__Assignment__:
Look through the listing below for the line containing "钢管打包打钢管包捆丝钢丝打包扣棉花废品丝打架管打包丝". Copy it and each line after it up to and including the line containing "The North Face Pants", exactly, leaving out pictures.

━━━━━━━━━━━━━━━━━━━━━━━━━━━━━━

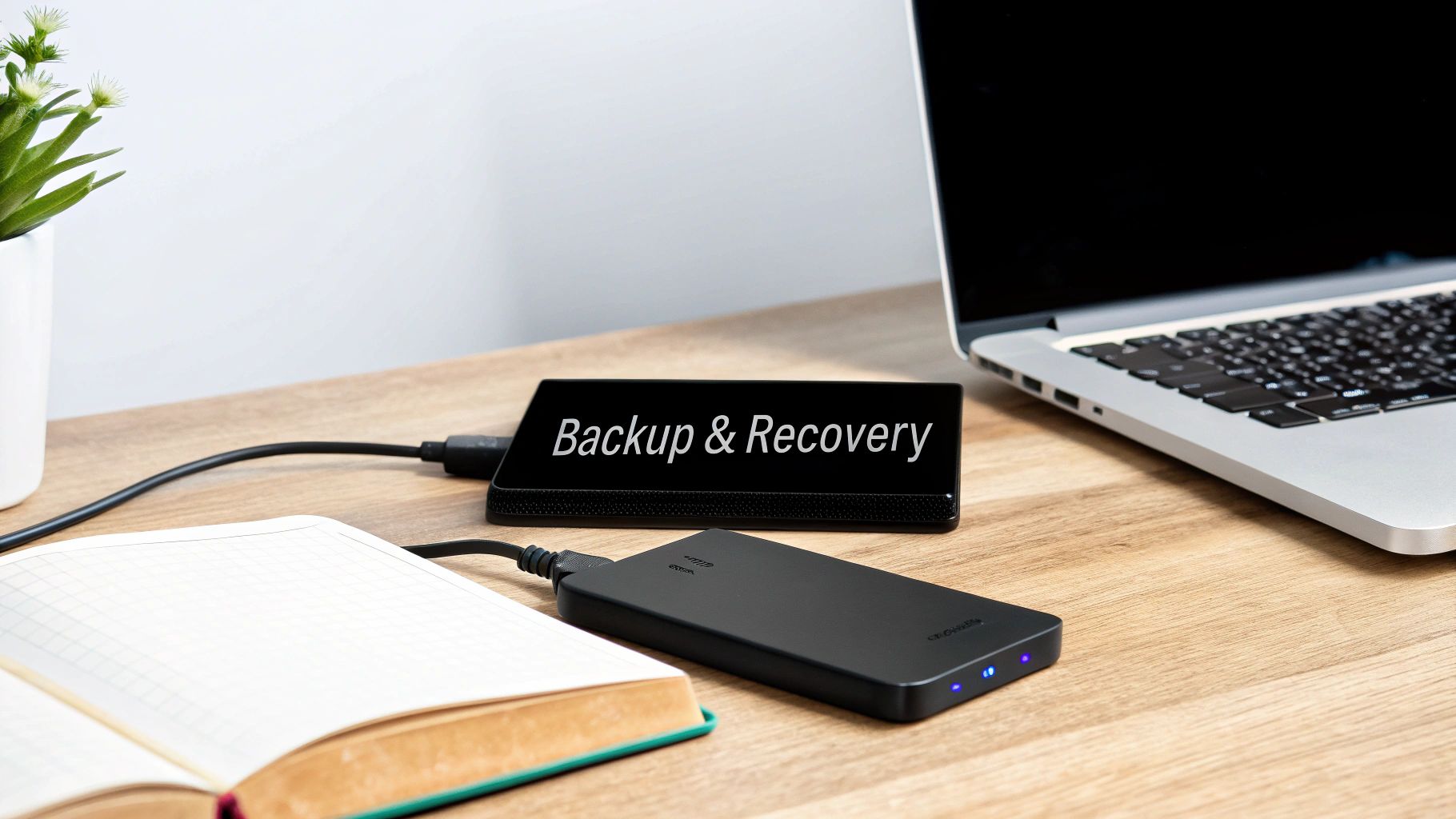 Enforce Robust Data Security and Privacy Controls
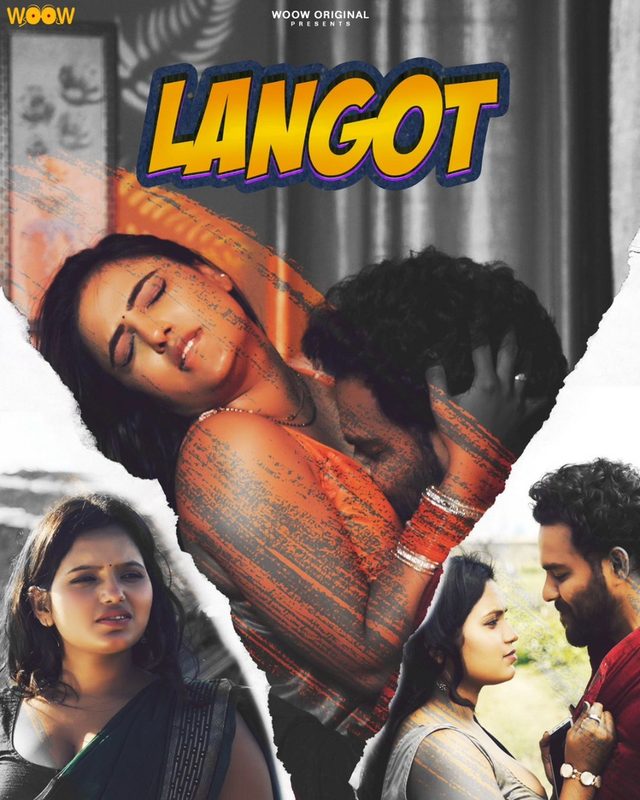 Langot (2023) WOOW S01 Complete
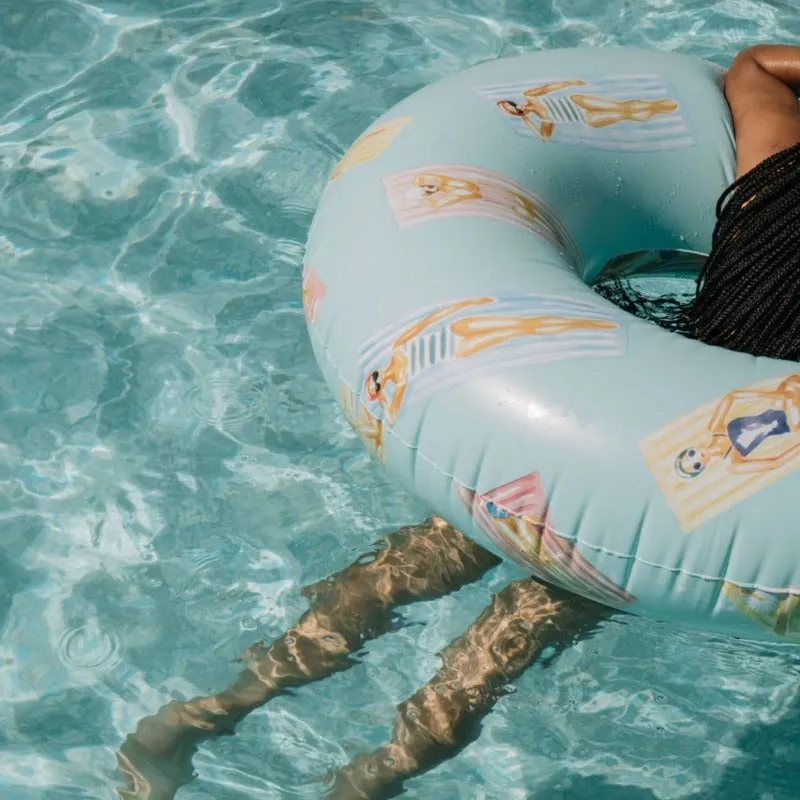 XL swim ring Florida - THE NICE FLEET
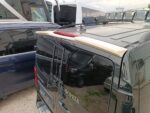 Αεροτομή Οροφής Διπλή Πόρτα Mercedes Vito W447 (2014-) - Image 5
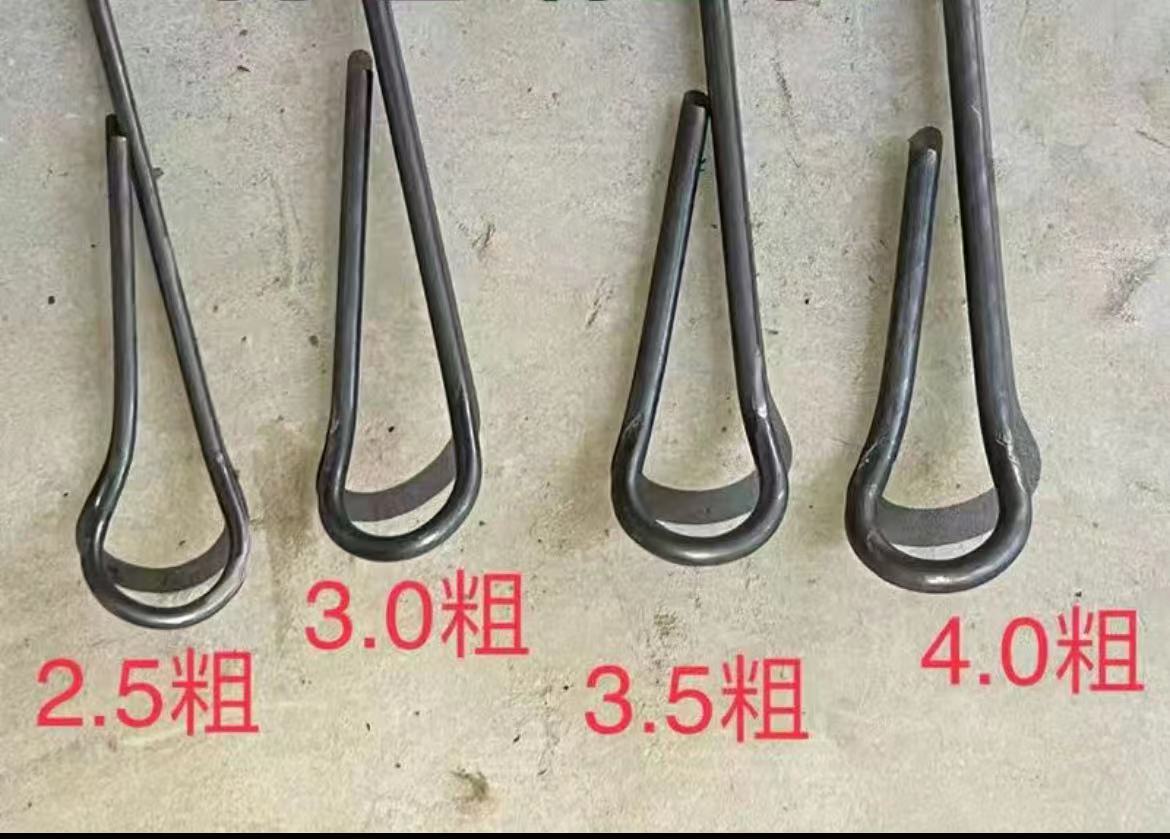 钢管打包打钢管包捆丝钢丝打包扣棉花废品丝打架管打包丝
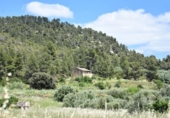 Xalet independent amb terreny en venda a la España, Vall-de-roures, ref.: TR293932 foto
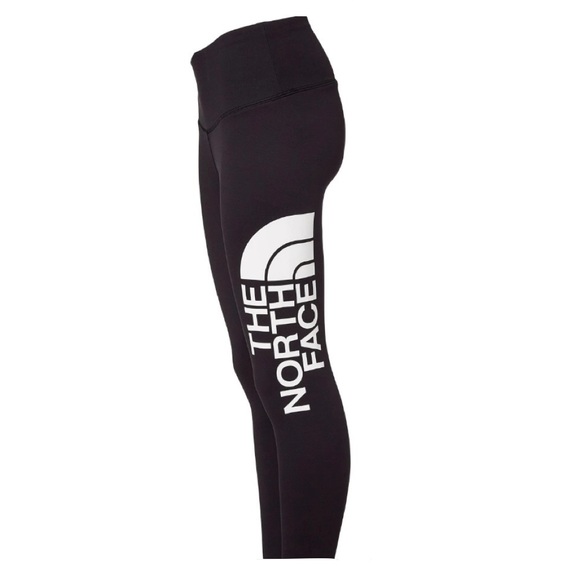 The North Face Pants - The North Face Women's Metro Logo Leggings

━━━━━━━━━━━━━━━━━━━━━━━━━━━━━━

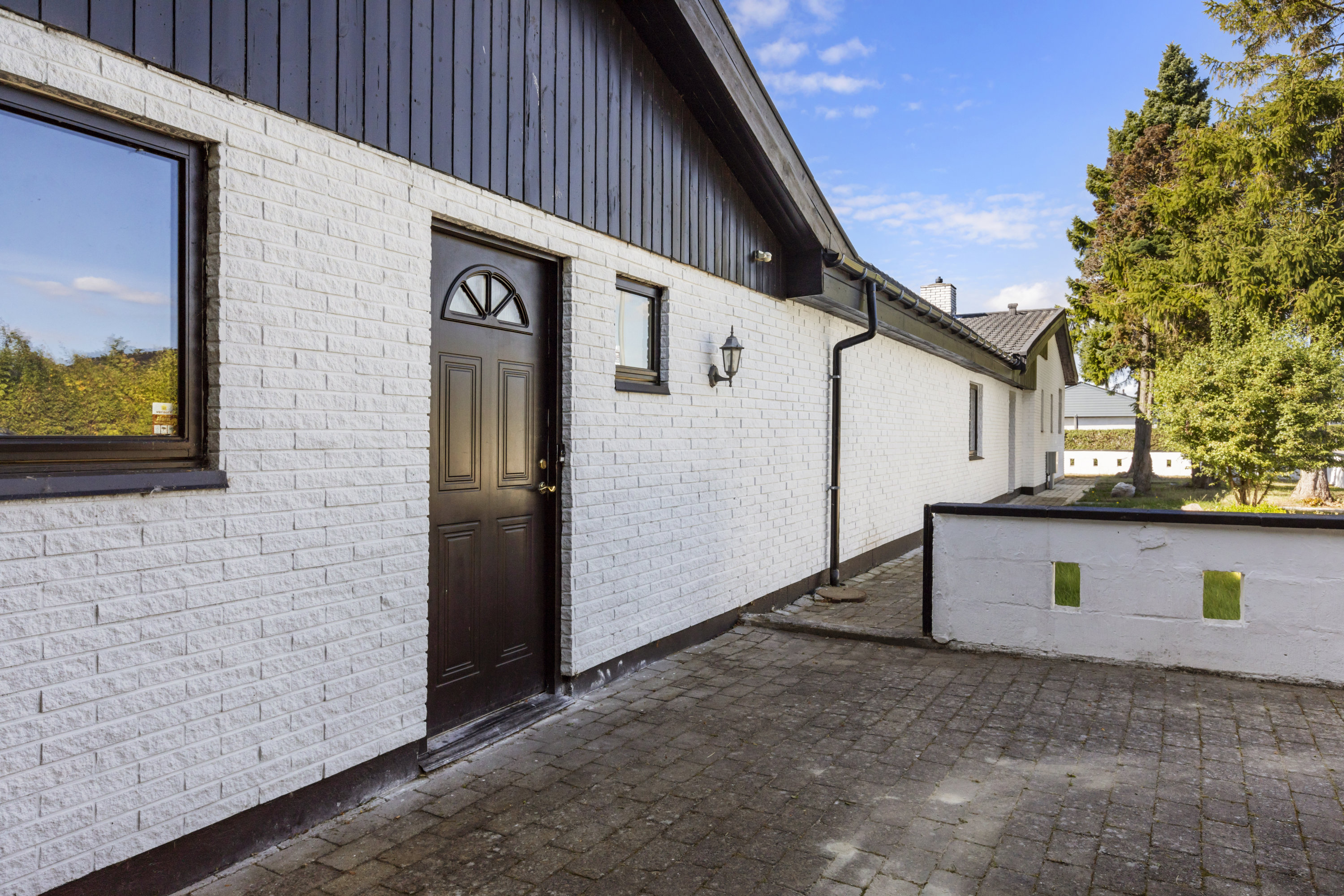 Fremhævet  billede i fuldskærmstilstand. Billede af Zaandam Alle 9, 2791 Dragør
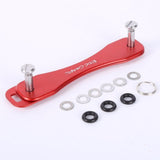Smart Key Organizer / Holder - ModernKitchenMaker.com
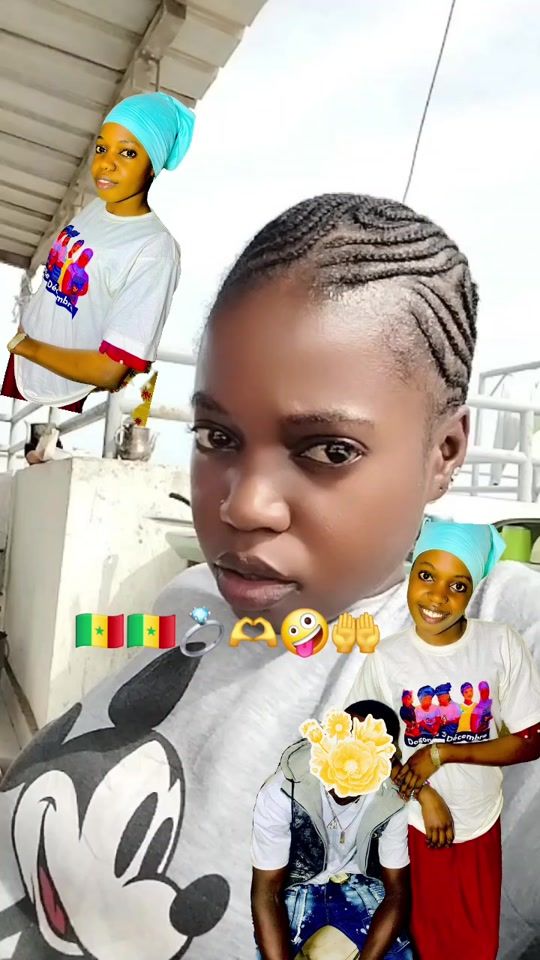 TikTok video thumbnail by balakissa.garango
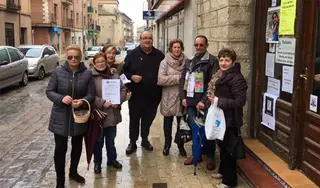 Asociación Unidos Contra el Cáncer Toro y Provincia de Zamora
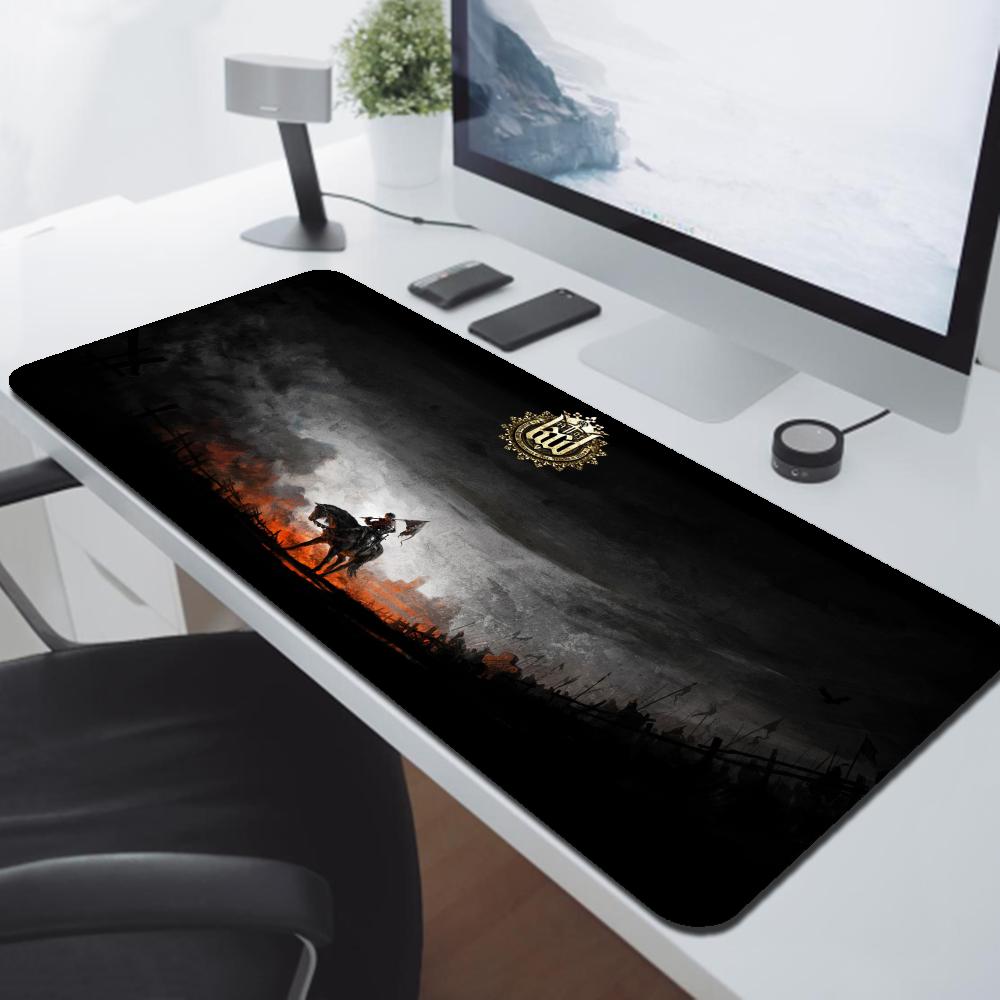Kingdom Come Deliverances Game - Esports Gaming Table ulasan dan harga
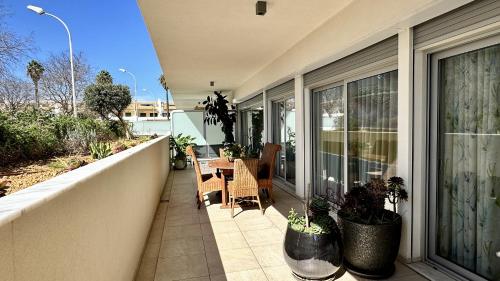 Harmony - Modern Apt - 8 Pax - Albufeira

━━━━━━━━━━━━━━━━━━━━━━━━━━━━━━

__Answer box__:
 钢管打包打钢管包捆丝钢丝打包扣棉花废品丝打架管打包丝
 Xalet independent amb terreny en venda a la España, Vall-de-roures, ref.: TR293932 foto
 The North Face Pants - The North Face Women's Metro Logo Leggings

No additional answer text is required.